As a child, it struck me as odd that escalators had to be stopped in order to be repaired. You can imagine the child-adult conversation:

“Why have they stopped the escalator?”
“Because they are servicing it.”
“Yes, but why have they stopped it?”

Now, all these years later, I suppose my mind still operates in much the same way.

I can sing “What’s it all about, Alfie?” till the fictional cows come home, and yet, for reasons not yet clear to me, no one named Alfie is going to walk out of the ether and give me a coherent and comprehensive answer to that question.

Alfie might know why it was that I was rendered wordless about ten days after my beloved partner of almost thirty years died.
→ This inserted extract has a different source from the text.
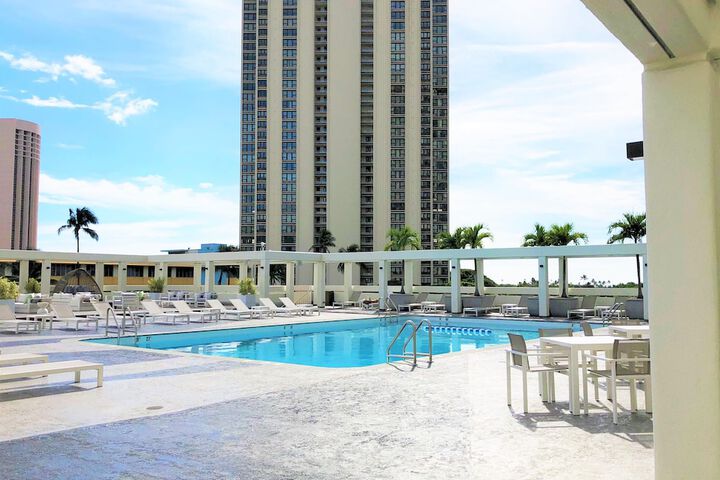Pool 153 of 213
Normally, I have no shortage of words. In fact, there are usually too many of the jolly things about. They crowd my head and multiply and skitter off to that inter-lingual synonym exchange in the sky; they bounce off walls, and dance in the sunlight, and roll off my desk and my tongue like so many marbles falling out of the split in a worn cloth bag. Despite the crowding, the general tenor is one of happiness, or if not happiness, at least mild curiosity about the definition of the new words which have popped up or dropped in, or flopped down on the sofa.
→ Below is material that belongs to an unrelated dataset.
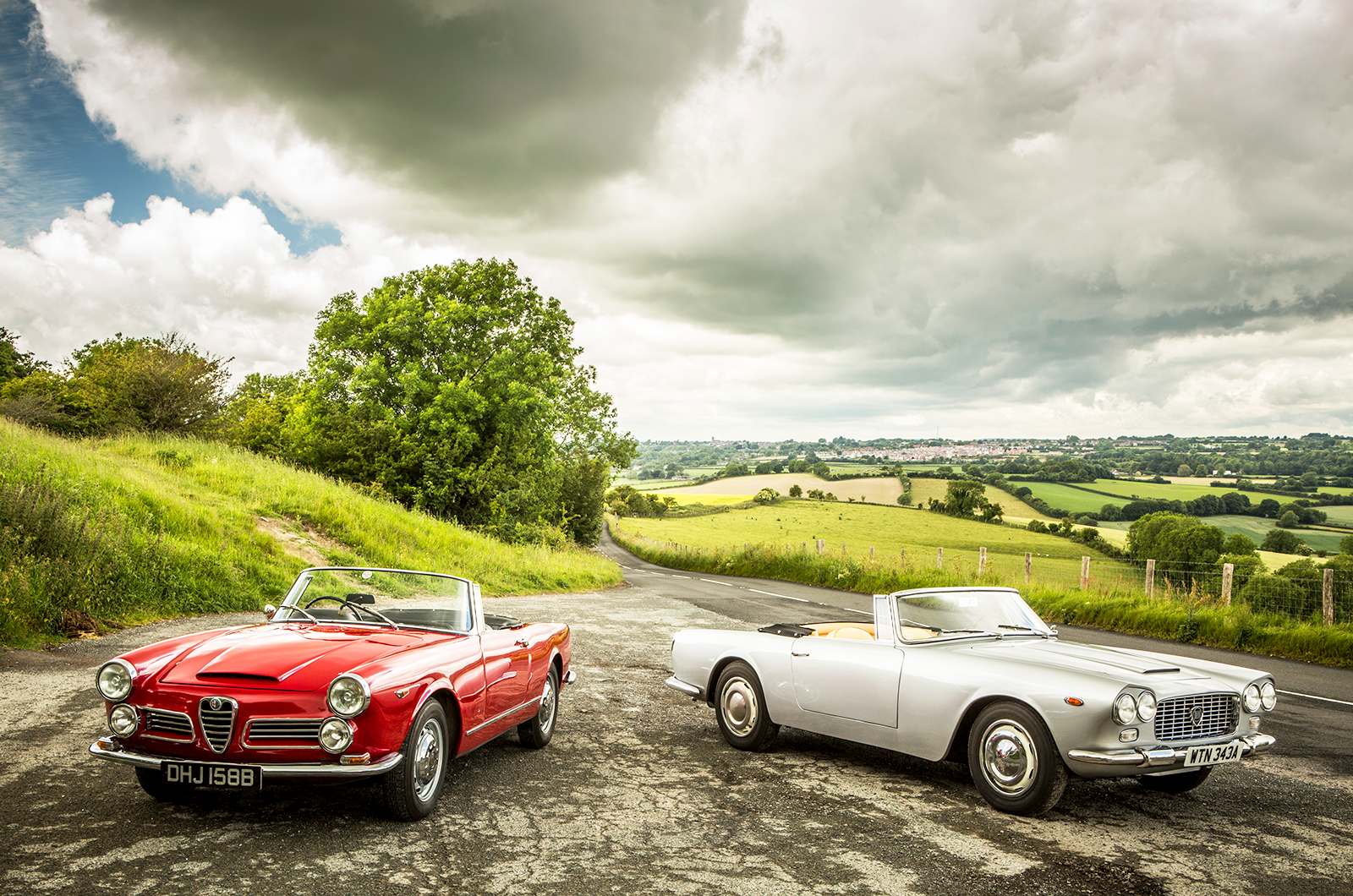 Classic & Sports Car – The art of Touring: Lancia Flaminia vs Alfa Romeo Spider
There was no shortage of words at 3.00 am when I drafted the eulogy in Portuguese and then in English (by way of a close translation of the Portuguese original).  There was no shortage of words when talking to people who paid their respects and extended sympathy. The ink flowed freely from my pen at all hours day and night in the weeks preceding the death of my best favourite human being.
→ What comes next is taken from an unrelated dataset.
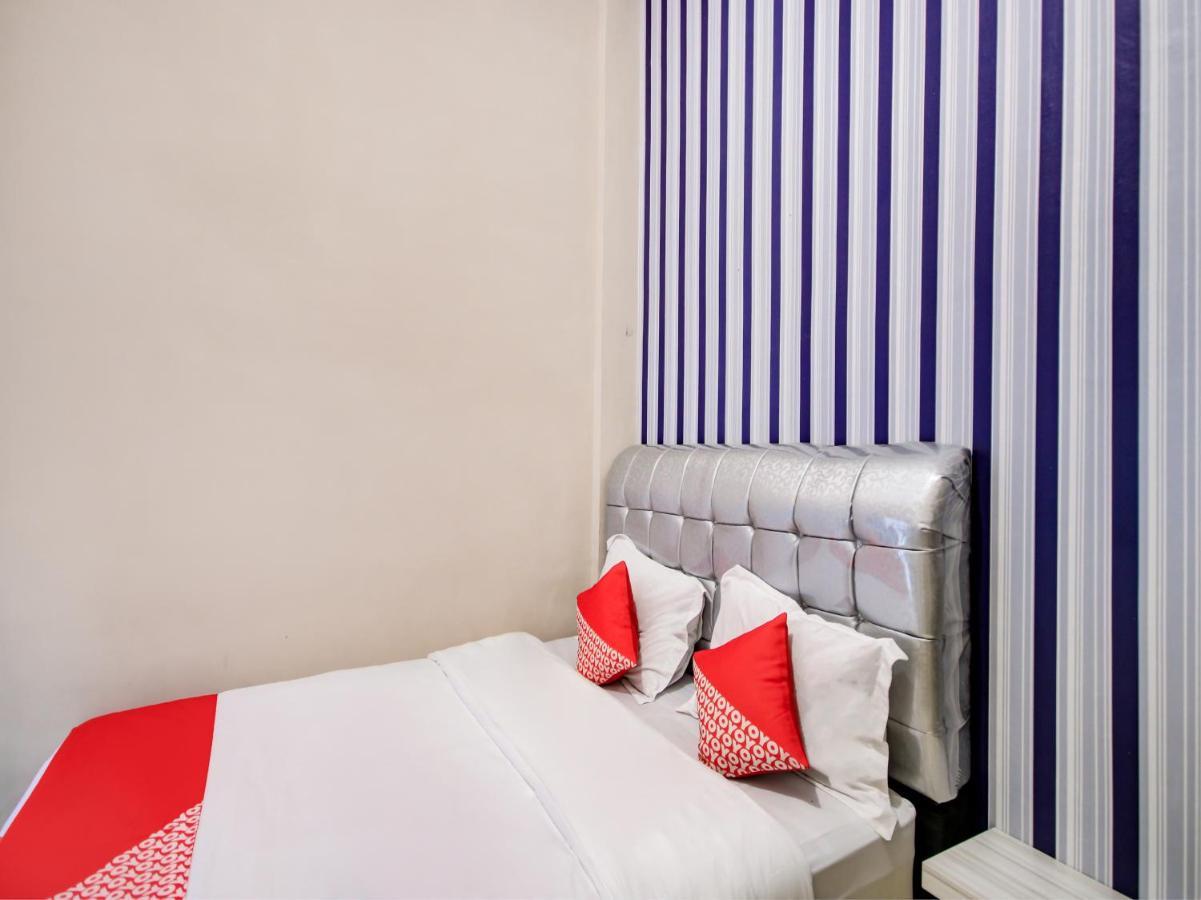 Oyo 3389 Sonya Homestay Syariah Tebing Tinggi Exteriér fotografie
Then, suddenly, there was nothing. If could not have been for want of gratitude for the profusion to which I have become accustomed, for I am always most grateful.

I tried to deny that the flow of words had stopped. I tried to force its hand. There I stood in my garden and commanded myself to “describe that tree and the grass beneath!” But nothing came out of my mouth. Not even the most rudimentary description; nothing. I mutely picked a ripe clementine from the tree in question. As I peeled it, and let the peels fall into the tall unruly grass beneath, I offered a barely audible “So be it” to the gentle spring breeze.

I ate the fruit as I peered at the progress of vegetable seedlings and pulled out a few weeds. And then, slowly the realisation came:  I need a new narrative. The old narrative no longer fits and needs to stop. ‘We are’ has gone. ‘I am’ is here. The monologue, the story, the endless chatter, the dialogue: all have to change.

Who knows when the new narrative will be ready?

Alfie might know. But he is not telling.